L’uscita dovrebbe avvenire fra fine 2023 e inizio 2024. Raggiunta da We Wealth, Ubs ha preferito non commentare. Il possibile cambio di casacca del manager fa seguito all’ingresso di Giovanni Ronca, a capo delle operazioni di wealth management combinate di Ubs e Credit Suisse in Italia
Paolo Federici, responsabile di Ubs Global Wealth Management per l’Italia, secondo indiscrezioni giornalistiche odierne (6/10/2023) starebbe per lasciare il colosso bancario svizzero che dallo scorso giugno ha integrato Credit Suisse. L’uscita dovrebbe avvenire fra fine 2023 e inizio 2024. Raggiunta da We Wealth, Ubs ha preferito non commentare. Il possibile cambio di casacca del manager fa seguito all’ingresso di Giovanni Ronca (11/09/2023), a capo delle operazioni di wealth management combinate di Ubs e Credit Suisse in Italia. Non si tratterebbe dell’unico cambiamento di peso: sarebbe infatti prossima alla chiusura FIM (Financial Intermediaries), la divisione che fornisce servizi bancari a operatori finanziari (ma anche filantropici) di rilievo. Quella in atto in Ubs è del resto “una delle più complesse integrazioni nel settore bancario globale dalla crisi finanziaria”, per citare Bloomberg.

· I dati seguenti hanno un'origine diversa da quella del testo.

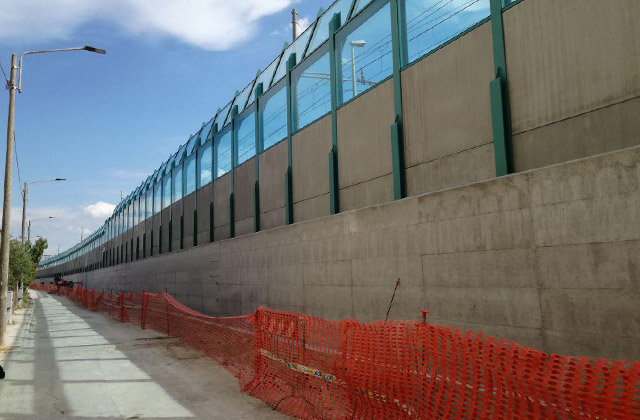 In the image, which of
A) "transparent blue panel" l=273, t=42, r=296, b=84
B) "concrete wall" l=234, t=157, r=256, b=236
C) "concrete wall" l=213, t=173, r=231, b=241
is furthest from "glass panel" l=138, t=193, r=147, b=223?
"transparent blue panel" l=273, t=42, r=296, b=84

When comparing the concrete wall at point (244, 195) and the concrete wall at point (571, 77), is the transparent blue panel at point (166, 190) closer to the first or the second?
the concrete wall at point (244, 195)

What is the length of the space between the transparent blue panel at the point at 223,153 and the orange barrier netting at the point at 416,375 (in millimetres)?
10865

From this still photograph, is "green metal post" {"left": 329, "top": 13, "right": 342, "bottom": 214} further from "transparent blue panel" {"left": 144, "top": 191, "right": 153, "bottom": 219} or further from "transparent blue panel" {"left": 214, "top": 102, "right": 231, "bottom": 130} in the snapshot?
"transparent blue panel" {"left": 144, "top": 191, "right": 153, "bottom": 219}

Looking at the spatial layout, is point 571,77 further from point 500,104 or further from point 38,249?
point 38,249

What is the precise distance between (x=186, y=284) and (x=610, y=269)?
63.2 feet

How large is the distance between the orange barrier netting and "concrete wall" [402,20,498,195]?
10.7 feet

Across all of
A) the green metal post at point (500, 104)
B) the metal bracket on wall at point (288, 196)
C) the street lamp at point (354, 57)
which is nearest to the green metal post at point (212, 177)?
the metal bracket on wall at point (288, 196)

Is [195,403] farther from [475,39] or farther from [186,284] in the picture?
[186,284]

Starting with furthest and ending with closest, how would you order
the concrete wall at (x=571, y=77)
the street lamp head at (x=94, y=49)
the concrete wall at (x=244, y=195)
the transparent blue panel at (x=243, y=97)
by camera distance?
the transparent blue panel at (x=243, y=97) < the concrete wall at (x=244, y=195) < the street lamp head at (x=94, y=49) < the concrete wall at (x=571, y=77)

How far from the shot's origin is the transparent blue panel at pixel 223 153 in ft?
64.4

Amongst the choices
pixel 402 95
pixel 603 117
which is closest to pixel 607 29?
pixel 603 117

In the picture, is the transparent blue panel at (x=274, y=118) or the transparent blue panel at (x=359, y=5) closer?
the transparent blue panel at (x=359, y=5)

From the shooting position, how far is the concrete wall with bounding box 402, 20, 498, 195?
796 centimetres

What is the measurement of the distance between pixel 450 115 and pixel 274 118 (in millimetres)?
8264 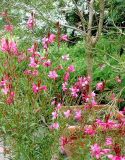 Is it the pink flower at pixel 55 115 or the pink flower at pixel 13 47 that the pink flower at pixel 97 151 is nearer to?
the pink flower at pixel 55 115

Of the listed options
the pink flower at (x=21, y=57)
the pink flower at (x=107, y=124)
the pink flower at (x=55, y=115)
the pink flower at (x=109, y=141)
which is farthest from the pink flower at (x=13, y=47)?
the pink flower at (x=109, y=141)

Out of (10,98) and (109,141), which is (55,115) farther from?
(109,141)

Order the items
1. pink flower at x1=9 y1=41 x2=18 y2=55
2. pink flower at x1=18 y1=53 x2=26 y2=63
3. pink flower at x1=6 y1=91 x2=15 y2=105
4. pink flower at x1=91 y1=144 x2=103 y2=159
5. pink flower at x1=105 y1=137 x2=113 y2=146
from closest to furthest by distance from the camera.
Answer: pink flower at x1=91 y1=144 x2=103 y2=159 → pink flower at x1=105 y1=137 x2=113 y2=146 → pink flower at x1=6 y1=91 x2=15 y2=105 → pink flower at x1=9 y1=41 x2=18 y2=55 → pink flower at x1=18 y1=53 x2=26 y2=63

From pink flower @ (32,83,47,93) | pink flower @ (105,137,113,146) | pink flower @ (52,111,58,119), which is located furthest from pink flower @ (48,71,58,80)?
pink flower @ (105,137,113,146)

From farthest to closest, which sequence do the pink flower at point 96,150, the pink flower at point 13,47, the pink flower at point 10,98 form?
1. the pink flower at point 13,47
2. the pink flower at point 10,98
3. the pink flower at point 96,150

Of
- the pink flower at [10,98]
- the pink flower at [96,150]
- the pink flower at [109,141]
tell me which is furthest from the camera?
the pink flower at [10,98]

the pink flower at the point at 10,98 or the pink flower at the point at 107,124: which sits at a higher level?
the pink flower at the point at 10,98

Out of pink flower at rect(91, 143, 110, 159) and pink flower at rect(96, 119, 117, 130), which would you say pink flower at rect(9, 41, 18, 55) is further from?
pink flower at rect(91, 143, 110, 159)

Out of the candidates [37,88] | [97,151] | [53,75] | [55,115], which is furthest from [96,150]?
[53,75]

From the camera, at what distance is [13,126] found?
429 centimetres

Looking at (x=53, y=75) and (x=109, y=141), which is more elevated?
(x=53, y=75)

Il colosso guidato da Sergio Ermotti ha archiviato il secondo trimestre 2023 con un utile netto di 29,2 miliardi di dollari, al lordo dell’avviamento negativo di 28,9 miliardi generato dal salvataggio di Credit Suisse, le cui attività opereranno separatamente fino alla chiusura complessiva dell’operazione di fusione, prevista nel corso del 2024.Il marchio e le attività resteranno invece fino alla completa migrazione dei clienti da CS a Ubs, prevista per il 2025.
Il dossier gestito da Giovanni Ronca è complesso. Stando ai dati dell’associazione italiana del private banking (Aipb), le masse pb gestite da Ubs nel nostro paese (inclusa la fiduciaria con intestazione di patrimoni in Svizzera) si sono contratte di 8 miliardi di dollari negli ultimi 4 anni, giungendo quindi a 27 miliardi di euro. La succursale italiana di Credit Suisse (con la fiduciaria) nel 2022 gestiva masse private per oltre 25 miliardi di euro: oggi si sussurra che si sarebbero ridotte a circa un decimo.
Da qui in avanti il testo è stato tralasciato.